Tuttavia, il premier israeliano Netanyahu ha risposto quattro anni fa a questa domanda, violando le risoluzioni internazionali e non rispettando gli obblighi in capo ad Israele: lo Stato palestinese dovrà essere un’entità demilitarizzata senza sovranità, creata solo se riconoscerà Israele come Stato ebraico e se rinuncerà al diritto al ritorno dei profughi. Netanyahu non ha mai parlato di confini, ma ha reso chiaro che non saranno mai quelli precedenti alla Guerra dei Sei Giorni del 1967.
Prendendo come assunto che al tavolo del negoziato i palestinesi saranno quelli che faranno le maggiori concessioni, la comunità internazionale si fiderà delle forze “moderate” israeliane perché facciano pressioni su Netanyahu per giungere ad un accordo.
Tuttavia, le relazioni di forze in Israele non sono a favore dei moderati che non hanno il potere di mobilitare un ampio movimento di pace né possiedono la necessaria rappresentanza parlamentare per prendere il posto dell’attuale coalizione di maggioranza.
La via verso la pace non emergerà dalle tentazioni del realismo politico, un approccio che ha fallito continuamente nei processi di decolonizzazione.
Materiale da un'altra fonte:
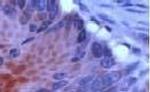 Protein APC Antibody in Immunohistochemistry (Paraffin) (IHC (P))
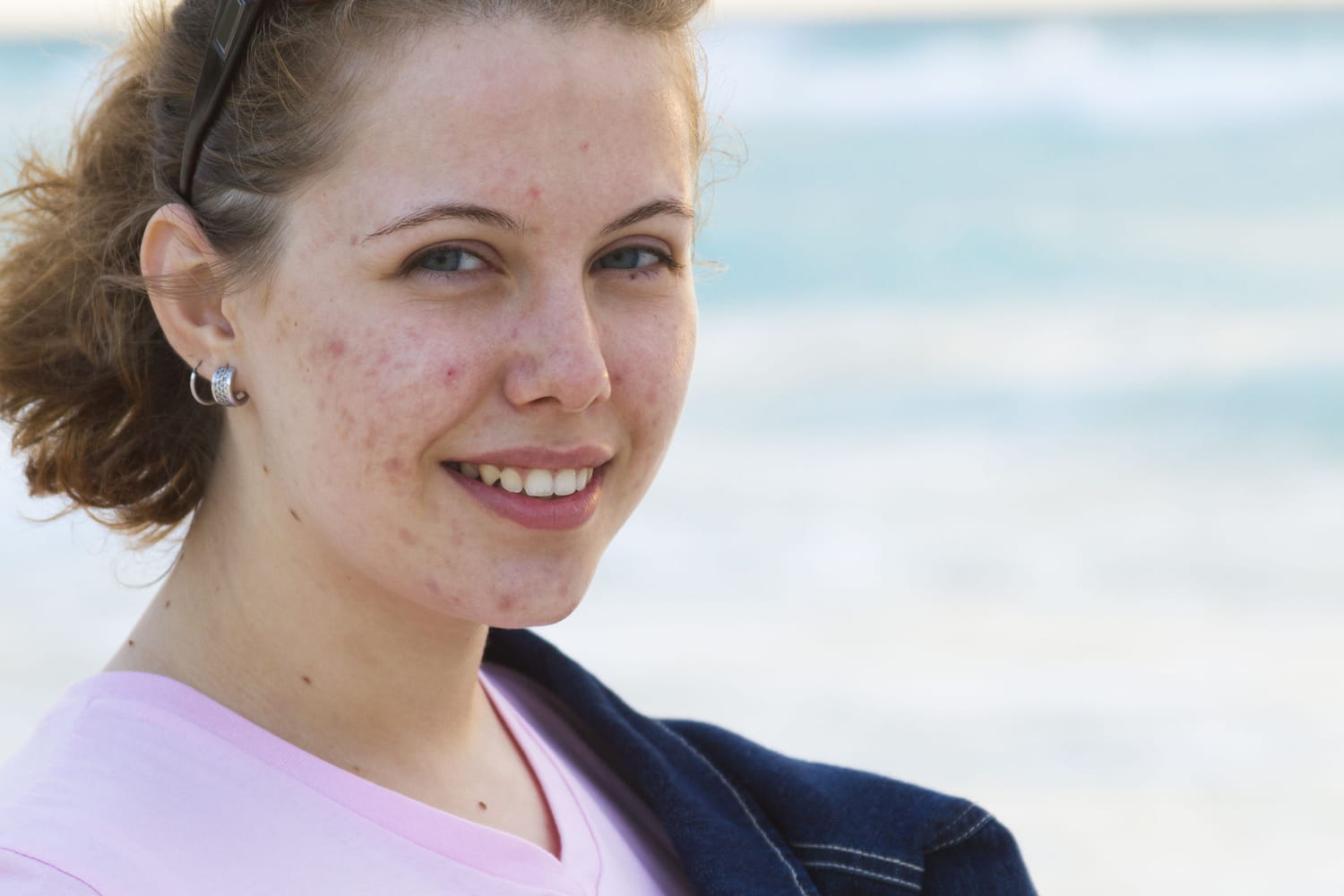 Achat roaccutane en ligne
I palestinese non rinunceranno alle loro richieste, come non rinunciarono i vietnamiti, gli algerini e i sudafricani. La via verso la pace nel conflitto israelo-palestinese bypassa le politiche volte a minimizzare i rischi e massimizzare i benefici all’interno di una data relazione di potere. La pace sarà la conseguenza dell’adozione di un approccio basato sui diritti, nel quale il concetto di diritto è chiaramente definito e non negoziabile.